# WHAT YOU ARE ASKED TO DO
Would you transcribe the records below from the line with "Airmsa Laserschwert Kinder, Lichtschwert" to the line with "Hail map in Pisgah, IA on April 15, 2026", ends included, exactly and with nothing more, leaving the pictures out?

Image-caption web data

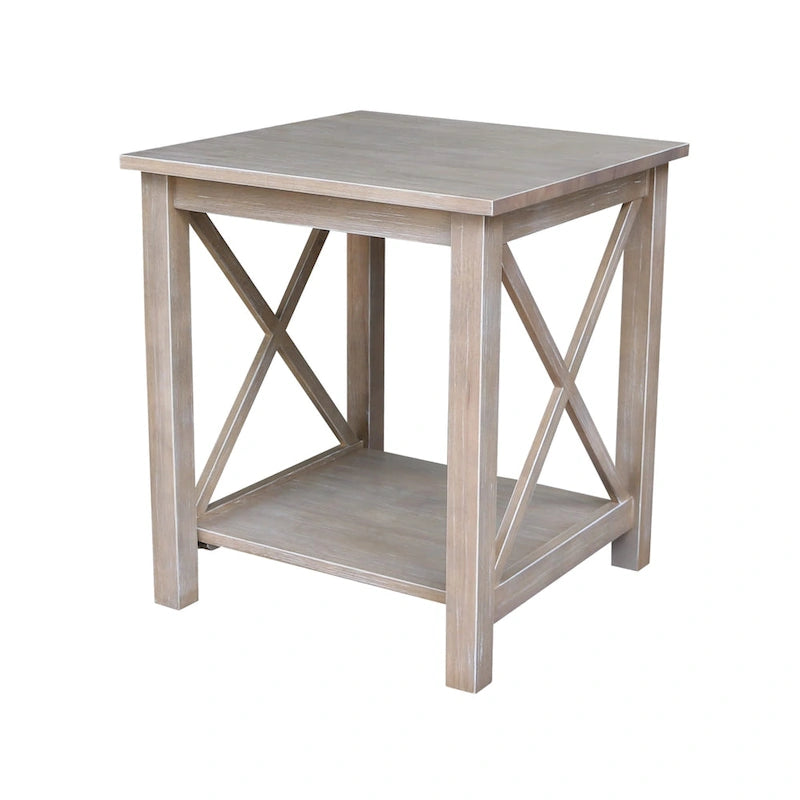 Table d'appoint en bois massif avec étagère – Non finie / Gris taupe délavé / Blanc / Expresso, 1 pièce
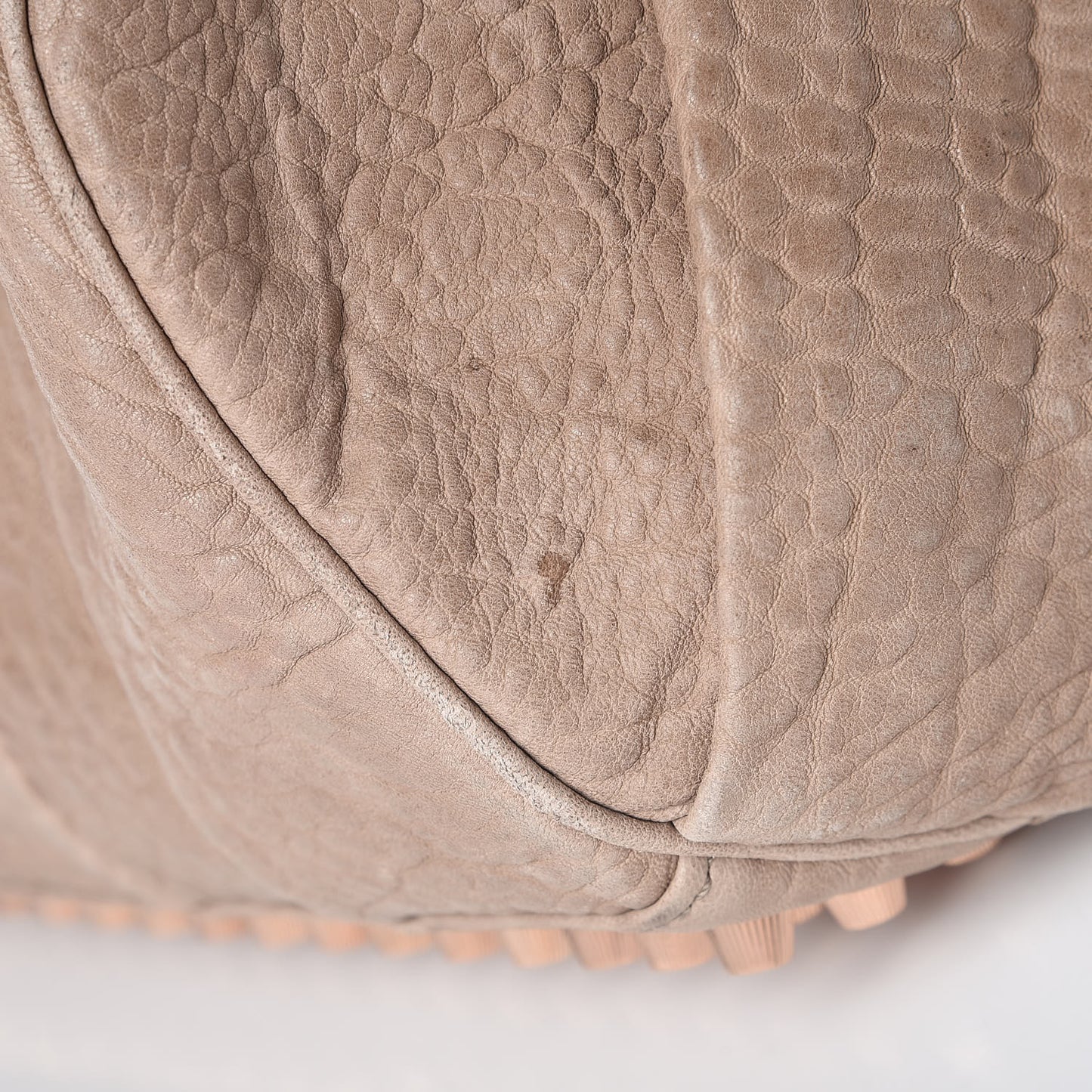 Pebbled Lambskin Rocco Latte Rose Gold Hardware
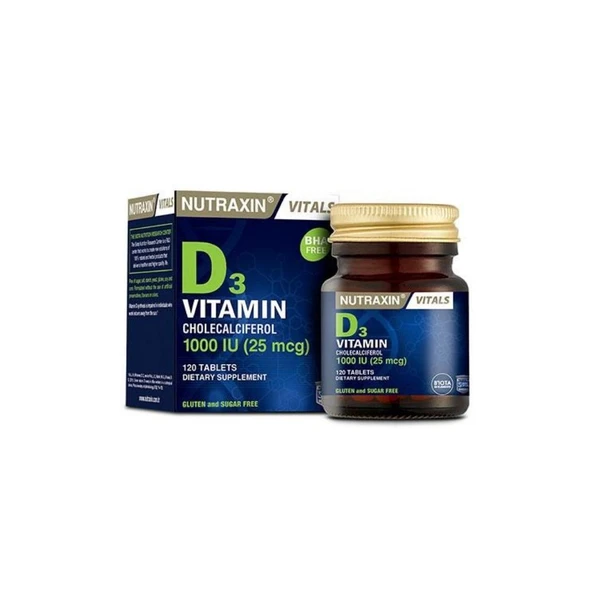 Vitals D3 Vitamini 1000UI(25mcg) İçeren Takviye Edici Gıda 120 Tablet ürün görseli 1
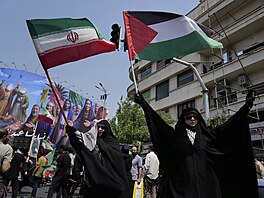 Írántí demonstranti drí íránské a palestinské vlajky na protiizraelském...
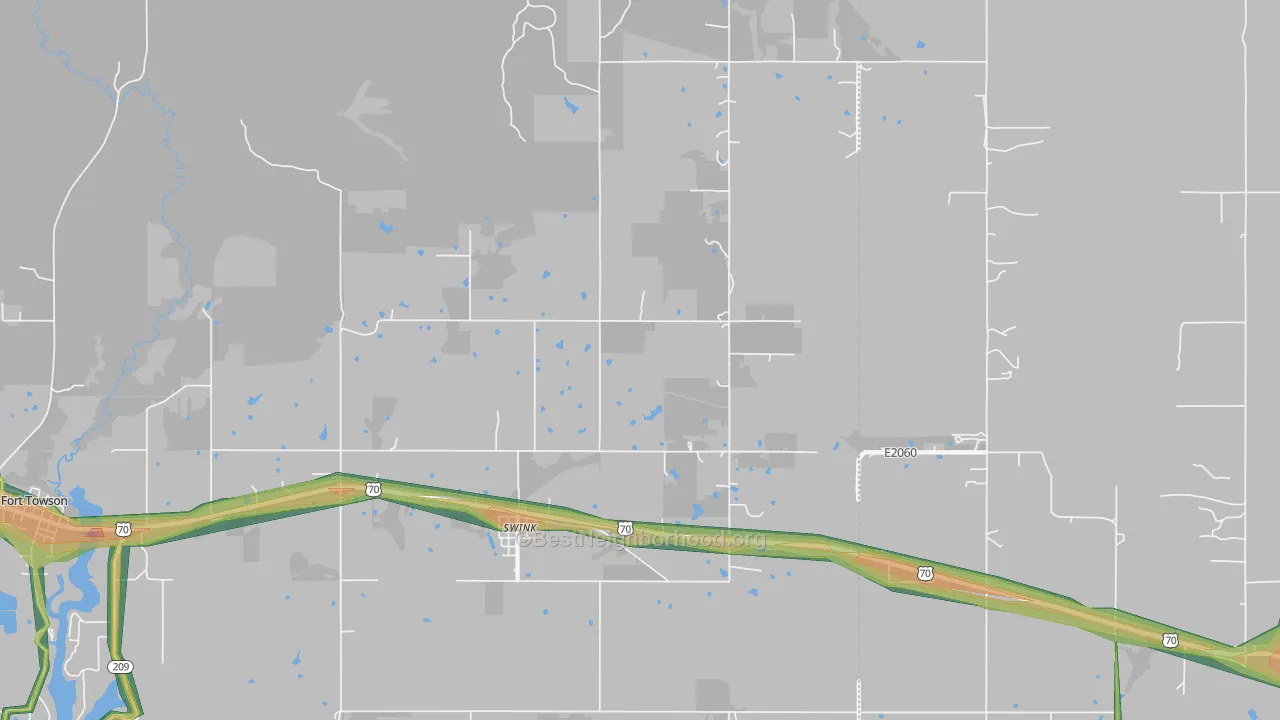 Swink, OK Map of Noise Levels in Swink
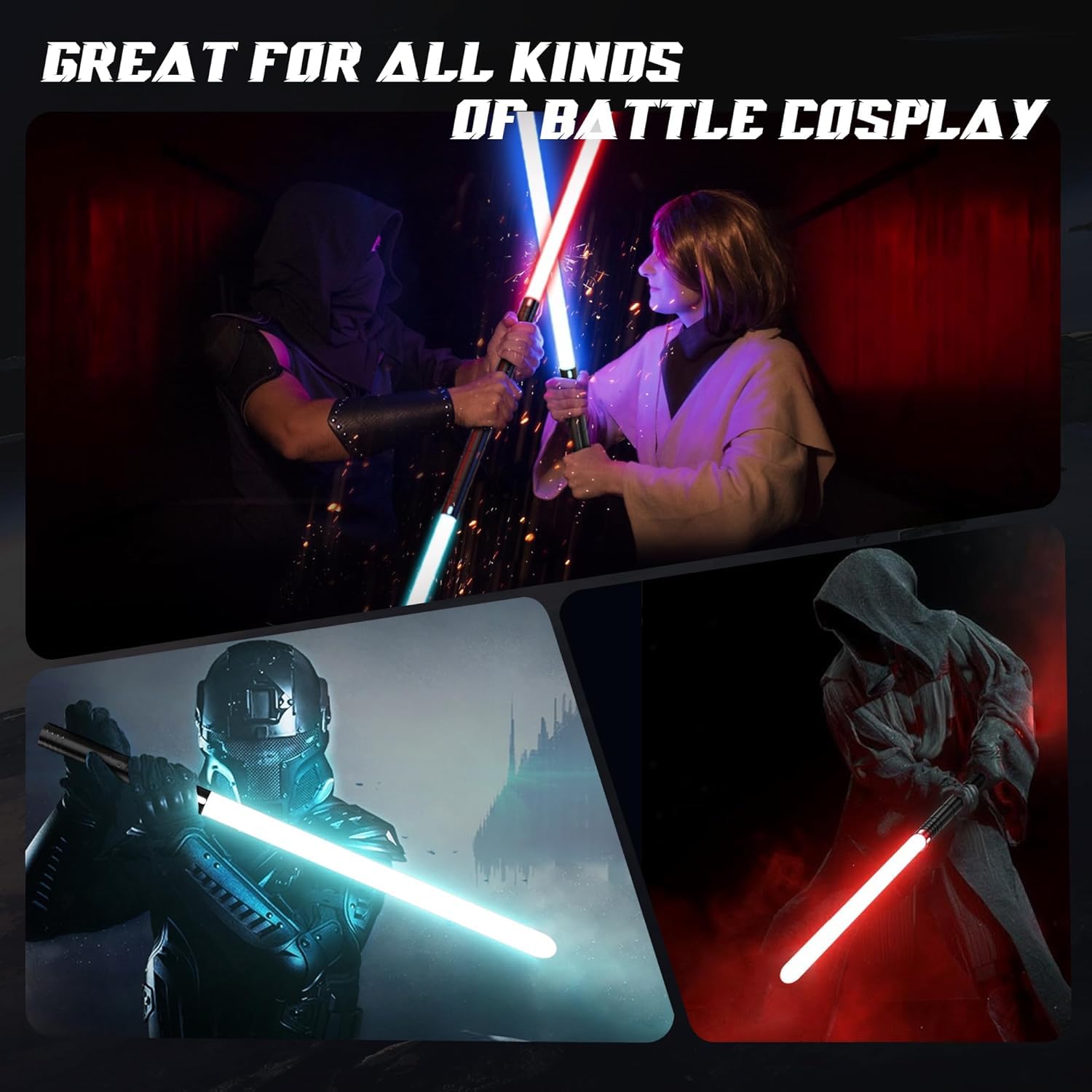 Airmsa Laserschwert Kinder, Lichtschwert RGB 15 Farben, USB wiederaufladbare Licht Schwert mit FX Sound, Lichtschwert Schwert Spielzeug für Kinder, Halloween, Galaxy Krieg Kämpfer Cosplay (60cm 2PC) 7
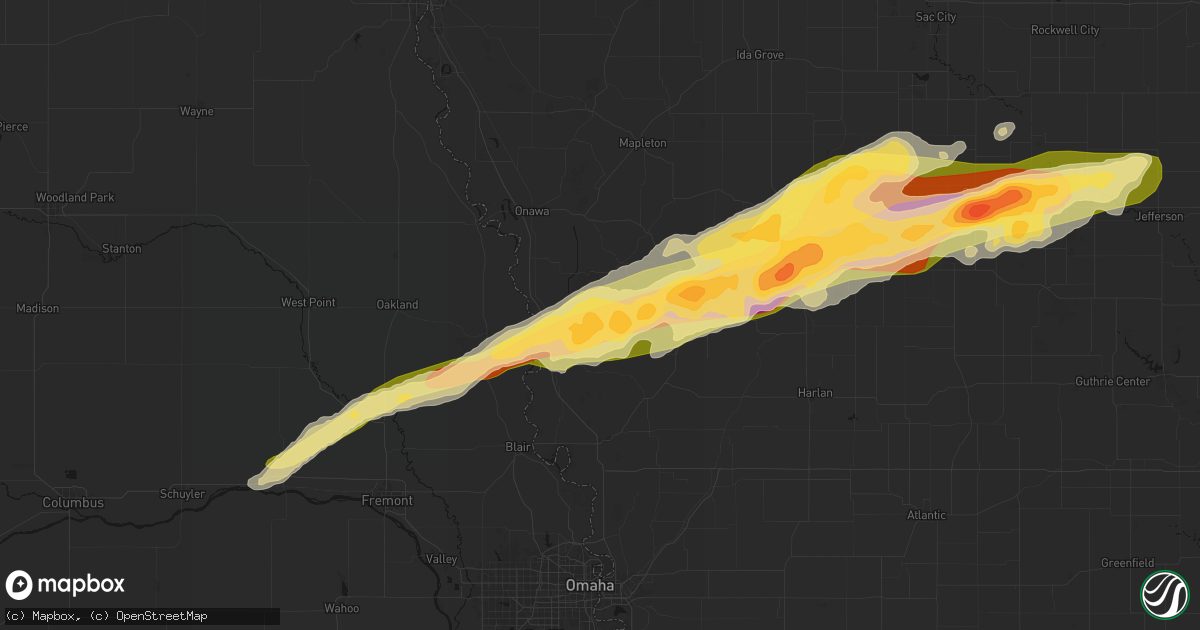 Hail map in Pisgah, IA on April 15, 2026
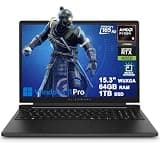 Dell Alienware 15 Gaming Laptop 15.3" WUXGA 165Hz AMD 6-core Ryzen 5 220 64GB RAM 1TB SSD GeForce RTX 4050 Type-c Backlit Win11Pro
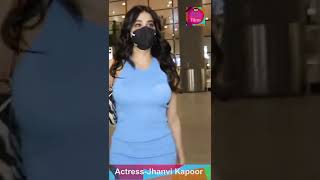 Jhanvi Kapoor Looking Too Cute In Bright Blue Dress Spotted At Airport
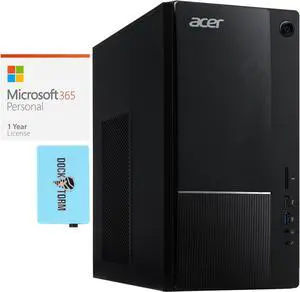 Acer Aspire Home & Business Desktop (Intel i5-14400 10-Core, Intel UHD 730, 8GB DDR5 4800MHz RAM, 1TB PCIe SSD, Wifi, Bluetooth, Win 11 Pro) with Microsoft 365 Personal , Dockztorm Hub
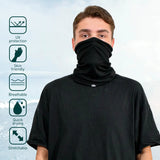 Man wearing black hoodie with ’protect’ and ’protect’ displayed on Cotton Sports Snood Neck Gaiter.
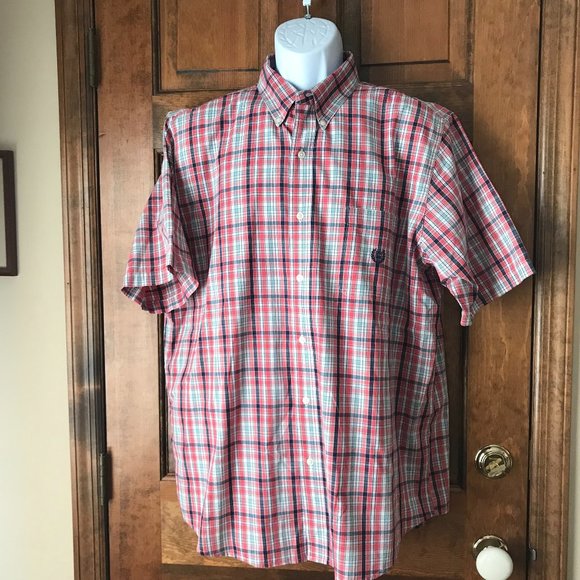 Chaps Red & Blue Plaid Short Sleeve Casual Button-Down Shirt X-Large - Picture 1 of 13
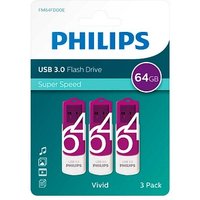 PHILIPS USB-Stick Vivid 3.0 lila, weiß 64 GB, 3 St. von Philips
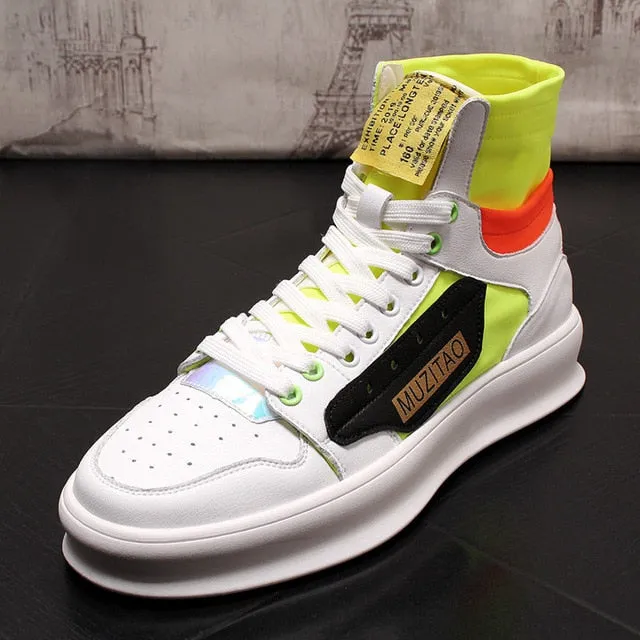 Fashion Designer Mens High tops Casual Shoes flats British Style Man Breathable mixec colors Trending Shoes web celebrity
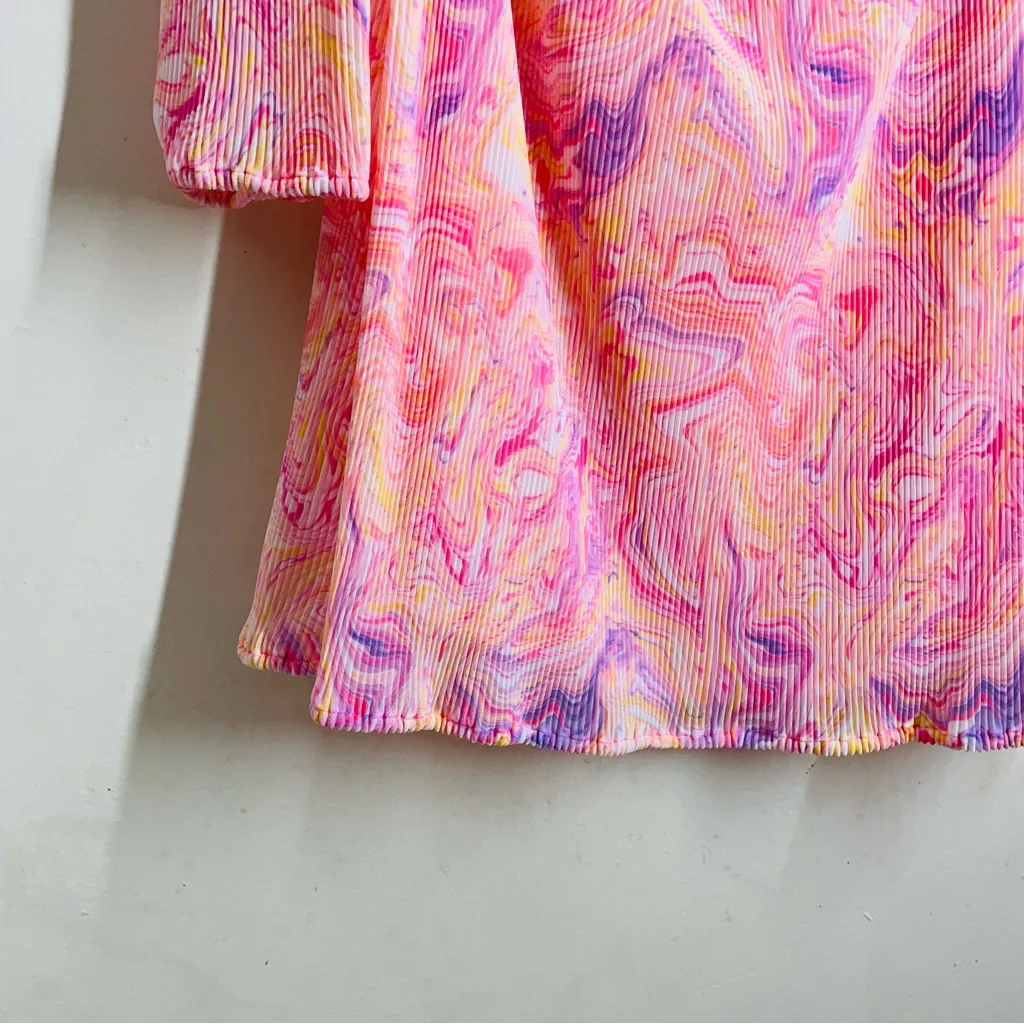 LoveShackFancy Nanita Dress Golden Maize Pink Marble Print Cutout 0 NWT - Image 9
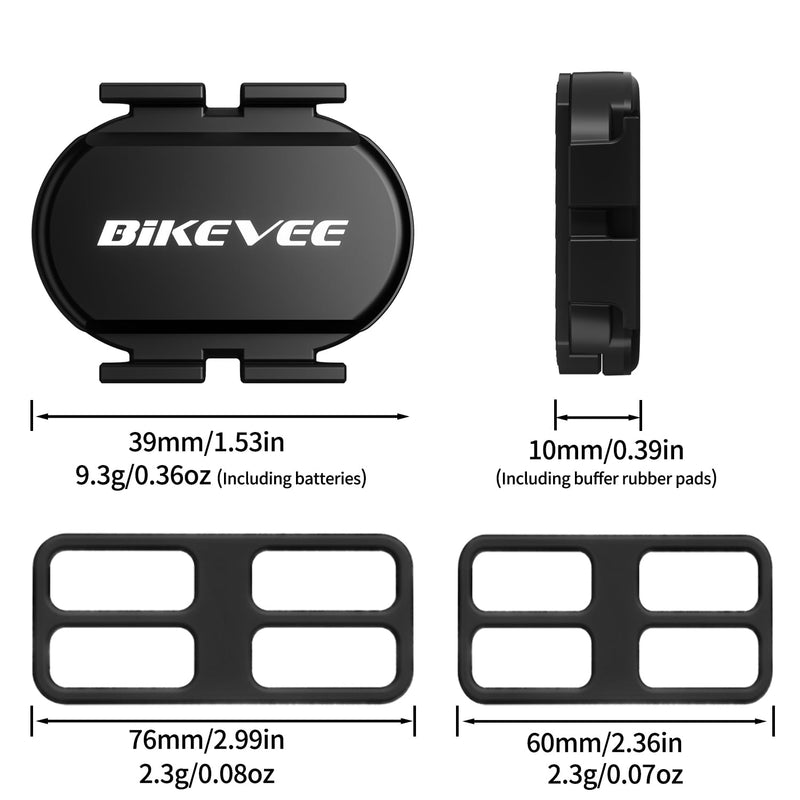 Cadence & Speed Sensor for Cycling, Wireless Bluetooth & ANT+ RPM Sensor for Road, Spin & Indoor Bikes, Compatible with Zwift 2 Outdoor Cad/Spe Sensors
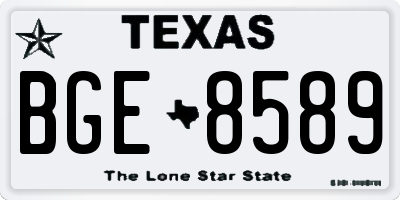 TX license plate BGE8589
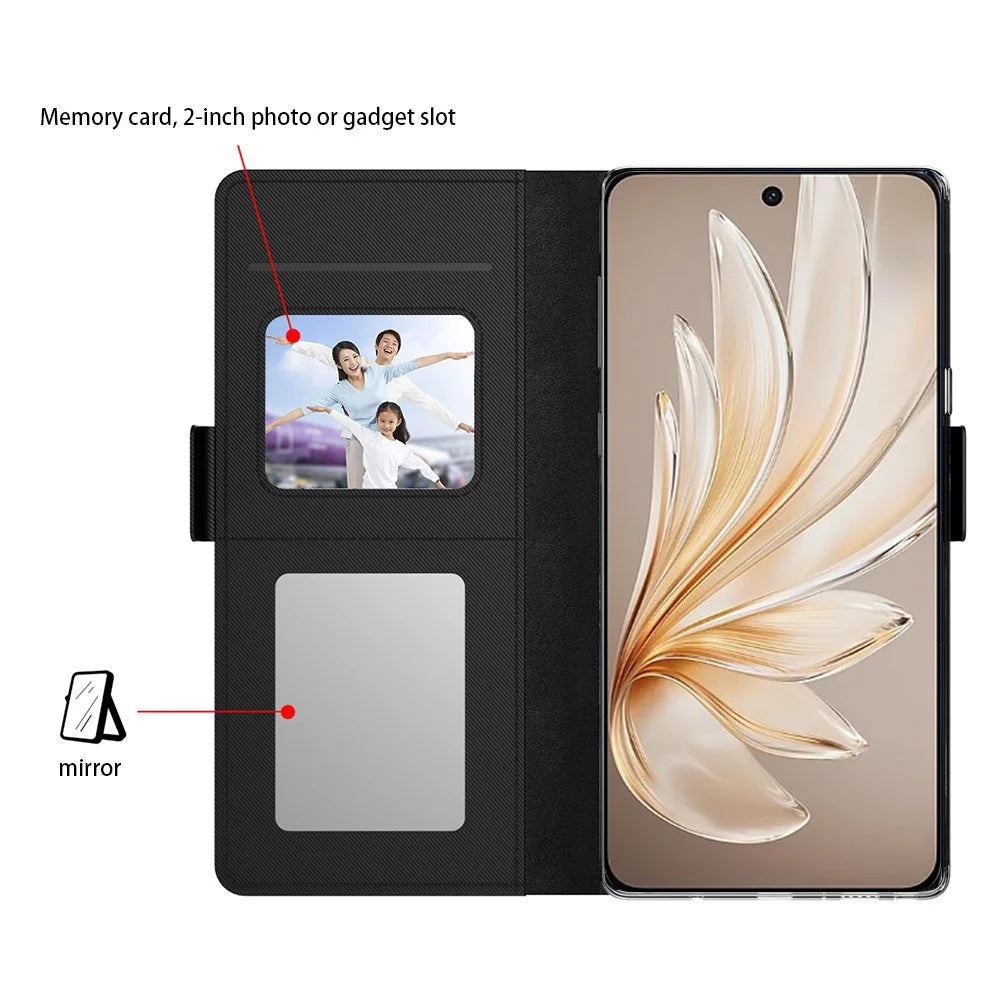 For vivo X300 Ultra 5G Case PU+TPU Magnetic Flip Phone Cover with Stand - Black - 3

# OUTPUT OF THE EXERCISE
 Airmsa Laserschwert Kinder, Lichtschwert RGB 15 Farben, USB wiederaufladbare Licht Schwert mit FX Sound, Lichtschwert Schwert Spielzeug für Kinder, Halloween, Galaxy Krieg Kämpfer Cosplay (60cm 2PC) 7
 Hail map in Pisgah, IA on April 15, 2026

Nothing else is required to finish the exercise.